Advancing autonomous driving technology with MLOps, training infrastructure

Written by TIER IV | 19-Dec-2024 01:00:00

I’m Riki Ota, an MLOps engineer on TIER IV's Data/ML team. My role involves developing and operating services that underpin MLOps workflows. My team creates and oversees a suite of cloud-based services to tackle challenges related to data and machine learning. In this post, I’ll introduce what we’re working on and highlight challenges in achieving shorter lead times for refining machine learning models.

MLOps challenges

The number of autonomous driving hubs running TIER IV software has been growing every year. New services are regularly appearing in regional areas. As these areas of operation expand, so does the demand for machine learning model improvements, driving the need to further shorten the lead time for these improvements.
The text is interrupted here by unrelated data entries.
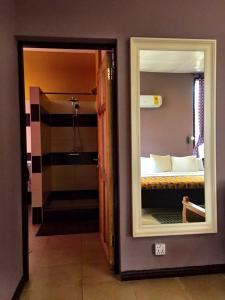 a bathroom with a mirror and a bed in a room at Kokodo Guest House in Cape Coast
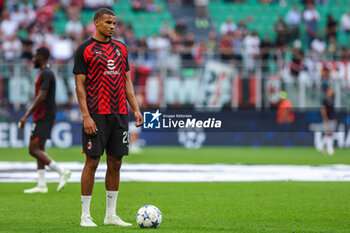 2023-09-19 - Malick Thiaw of AC Milan warms up during UEFA Champions League 2023/24 Group Stage - Group F football match between AC Milan and Newcastle United FC at San Siro Stadium, Milan, Italy on September 19, 2023 - AC MILAN VS NEWCASTLE UNITED FC - UEFA CHAMPIONS LEAGUE - SOCCER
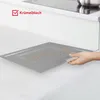 A hand is shown holding a crumb tray from a mini oven, with a checkmark and text indicating it's a feature. Produktbild-Vorschau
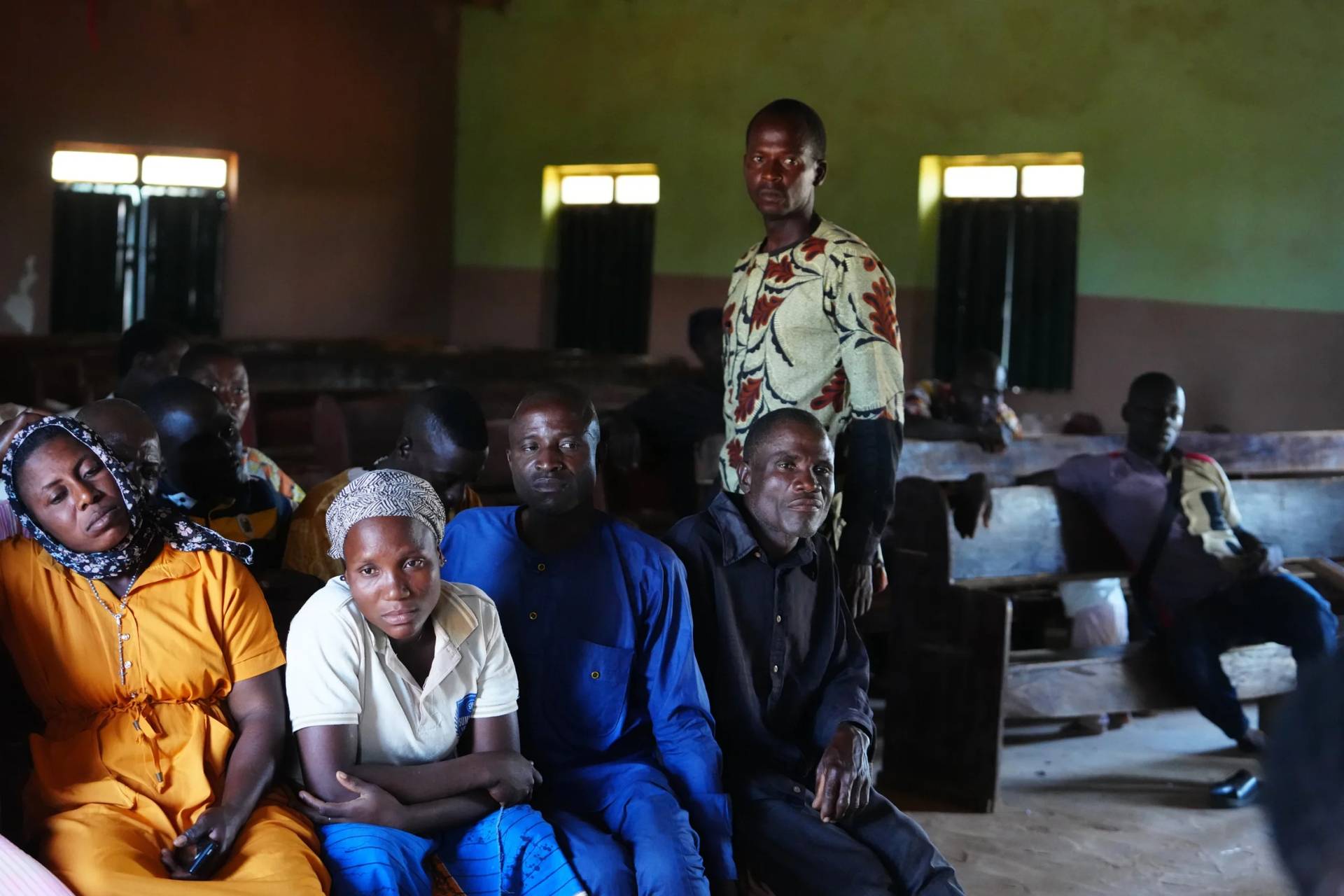 Baptist Reverend Micah Dulus speaks with church members in Kaduna, Nigeria, on Nov. 6, 2025. (Credit: Sunday Alamba/AP.)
Here are some of the challenges in MLOps for autonomous driving, including issues common to MLOps in general:

Difficulty selecting appropriate data due to the large amount of unstructured data.
High computational and human costs for annotation and model training.
Rigorous safety standards and thorough evaluations need to be cleared with the integration of autonomous driving software and machine learning models.
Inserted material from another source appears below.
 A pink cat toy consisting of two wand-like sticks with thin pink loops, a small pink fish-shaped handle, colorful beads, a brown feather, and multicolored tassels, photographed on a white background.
Data is collected daily in the development phase, including sensor data from cameras and LiDAR in multiple directions, resulting in massive volumes of information. Manually extracting relevant and useful data from this vast dataset is a significant challenge. Additionally, the characteristics of the data and the required volume lead to high costs for annotation and training, which drive up associated management costs. The need for thorough evaluations of autonomous driving software after integrating machine learning models further adds to the lead time required for model improvements.

In autonomous driving, where strict safety standards are a necessity, it is crucial to carefully manage models running in released software. This includes ensuring accountability in the event of accidents and maintaining robust tracking and reproducibility of experiments. Taking these challenges into account, we are currently developing an MLOps workflow to achieve efficient model improvements for the ever-increasing number of autonomous driving hubs.

MLOps workflow

Under the current MLOps workflow, the Data/ML team is responsible for the steps from data collection to training, with a primary focus on analyzing unstructured data and developing the annotation and ML pipelines.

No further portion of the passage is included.